Any image in the records should be left out; output everything else exactly.

=== Begin Enclosure ===

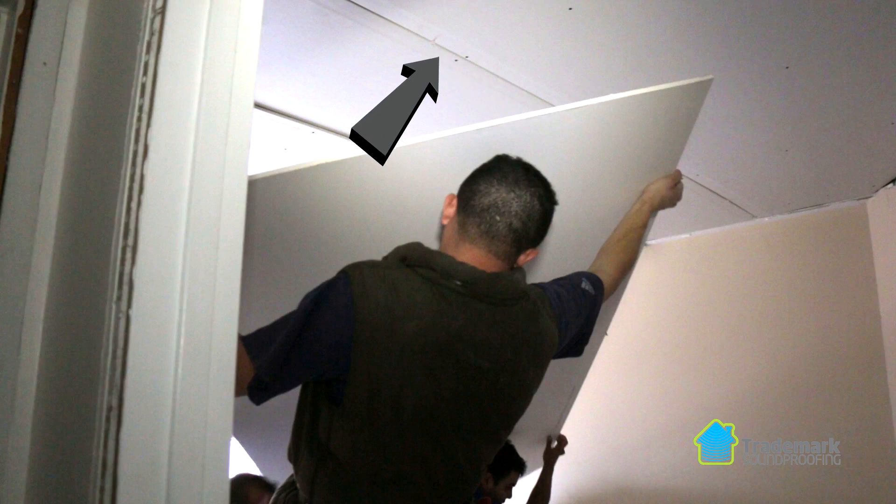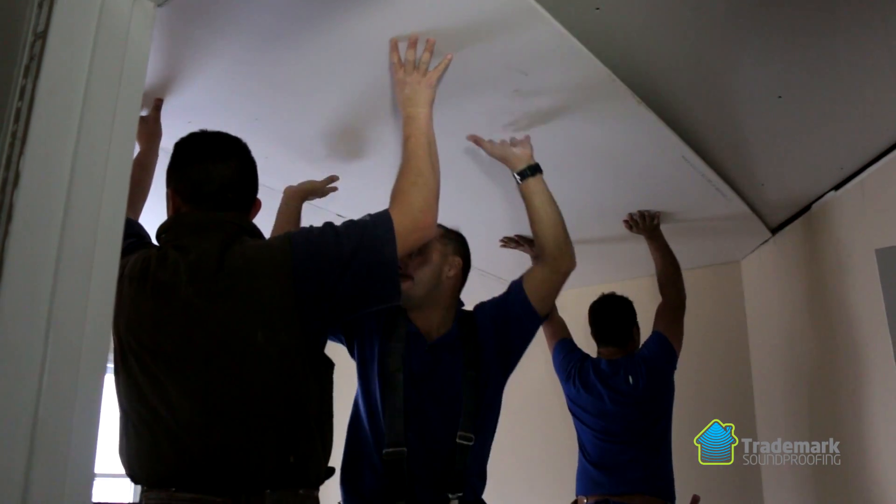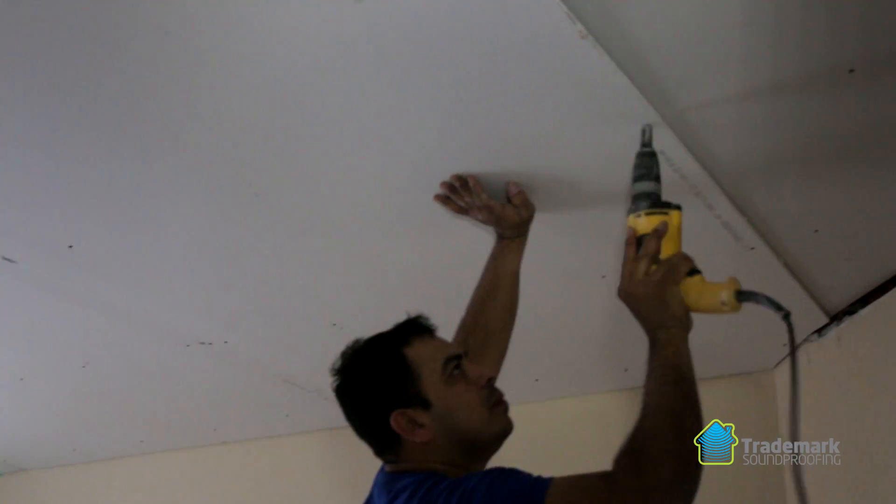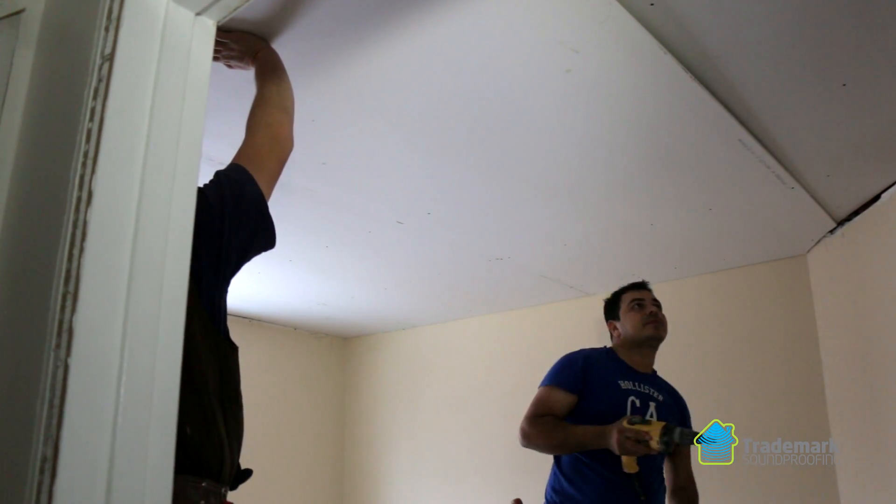Be sure to overlap the seams of the two layers to minimize sound leaks. Fasten the new drywall to ceiling joists with mechanical fasteners using local code ordinance.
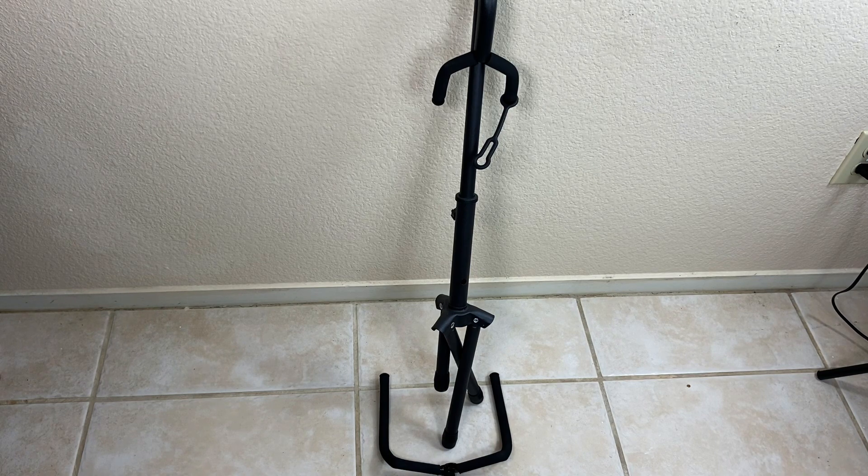Overall, I would recommend the Gleam Brands guitar stand. It's a really nice and simple stand that has been holding my guitar pretty safely in our home. Thank you for watching my video on the Gleam Brands guitar stand. I hope you enjoyed it and have a nice day.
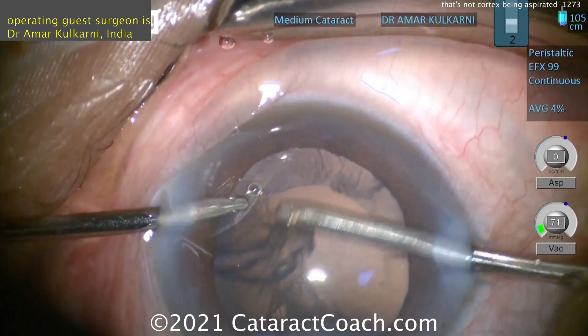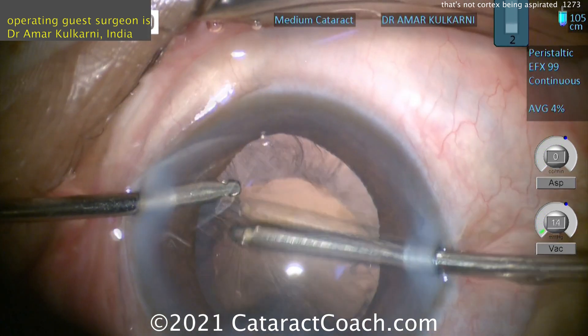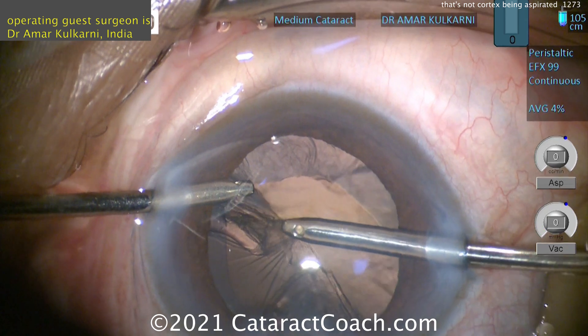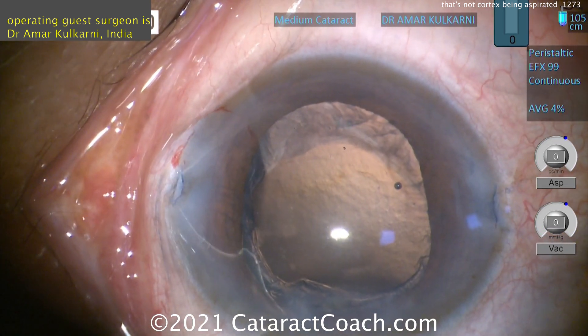Let me show you the cleanup of the cortex — that looks okay. And then trying to get more of the cortex, watch carefully. Those linear lines — that's zonular dialysis right there. That's the capsule being pulled. So you don't want to do that. You can re-inflate it with viscoelastic here.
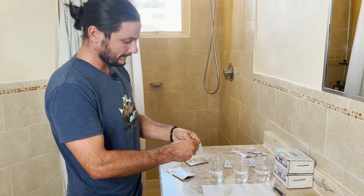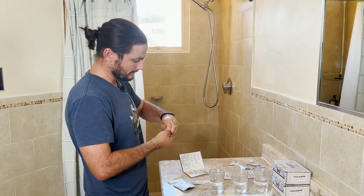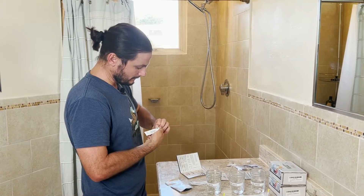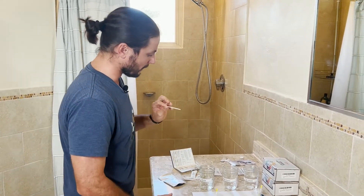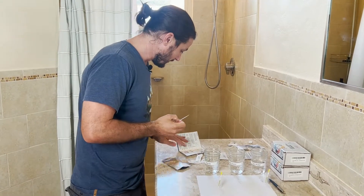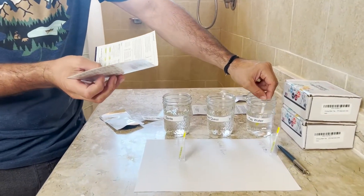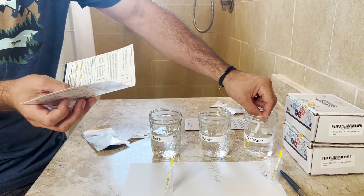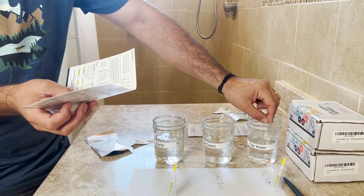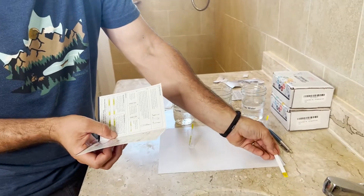We're going to do three chlorine tests. So just go ahead and tear this open. Chlorine is the number one thing people really want to remove from their shower water — you're not drinking this water hopefully — and that's what can dry out your skin and hair. So this is really important. We'll see how effective the filters are. Just dip this into the water, starting with the tap water, for about five seconds back and forth. And then put that right there.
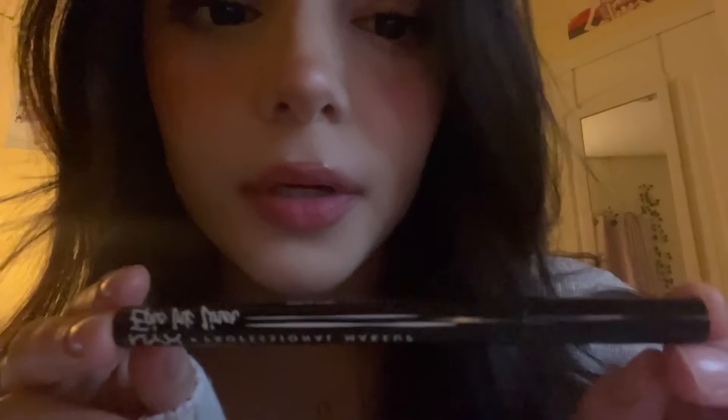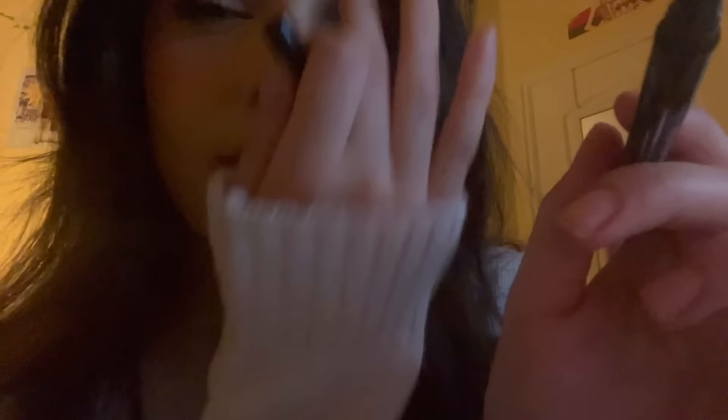And then for your eyeliner, we're going to use this NYX brown one because it's super pretty. I'm just going to do like a little wing on each side.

=== End Enclosure ===

● TASK OUTPUT
Be sure to overlap the seams of the two layers to minimize sound leaks. Fasten the new drywall to ceiling joists with mechanical fasteners using local code ordinance.
Overall, I would recommend the Gleam Brands guitar stand. It's a really nice and simple stand that has been holding my guitar pretty safely in our home. Thank you for watching my video on the Gleam Brands guitar stand. I hope you enjoyed it and have a nice day.
Let me show you the cleanup of the cortex — that looks okay. And then trying to get more of the cortex, watch carefully. Those linear lines — that's zonular dialysis right there. That's the capsule being pulled. So you don't want to do that. You can re-inflate it with viscoelastic here.
We're going to do three chlorine tests. So just go ahead and tear this open. Chlorine is the number one thing people really want to remove from their shower water — you're not drinking this water hopefully — and that's what can dry out your skin and hair. So this is really important. We'll see how effective the filters are. Just dip this into the water, starting with the tap water, for about five seconds back and forth. And then put that right there.
And then for your eyeliner, we're going to use this NYX brown one because it's super pretty. I'm just going to do like a little wing on each side.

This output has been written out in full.